*Task statement:* A word-for-word copy of the lines below, starting at the line with "Poster a virtual" and ending at the last one, is what you should give. Omit every picture.
Source material section start
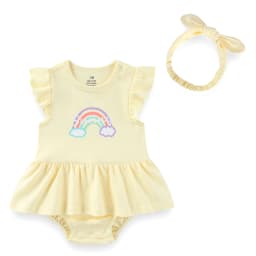 Cartoon Cute Baby Girl Clothing Set Ruffled Sleeveless Bodysuits Heaedband Summer Newborn Clothes 0-24 Months Infant Outfits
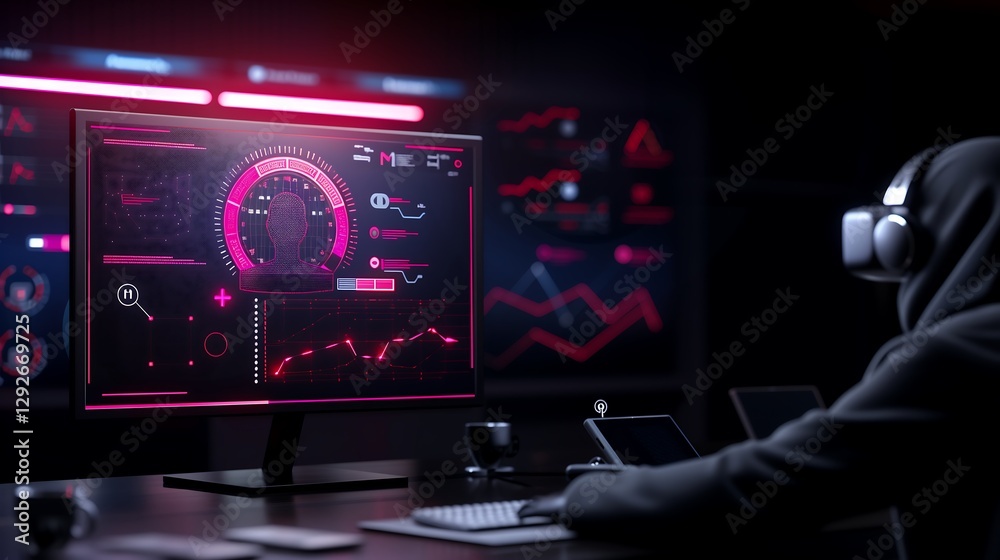 Poster a virtual reality interface displaying real-time cybersecurity analytics, with graphs, threat levels
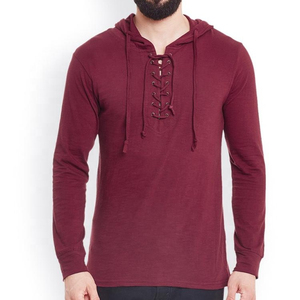 Sudadera con capucha para hombre, color granate, con cordón ajustable, para la temporada de otoño e invierno, nueva moda masculina - Product Image 3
Source material section end
*Result for this task:*
 Poster a virtual reality interface displaying real-time cybersecurity analytics, with graphs, threat levels
 Sudadera con capucha para hombre, color granate, con cordón ajustable, para la temporada de otoño e invierno, nueva moda masculina - Product Image 3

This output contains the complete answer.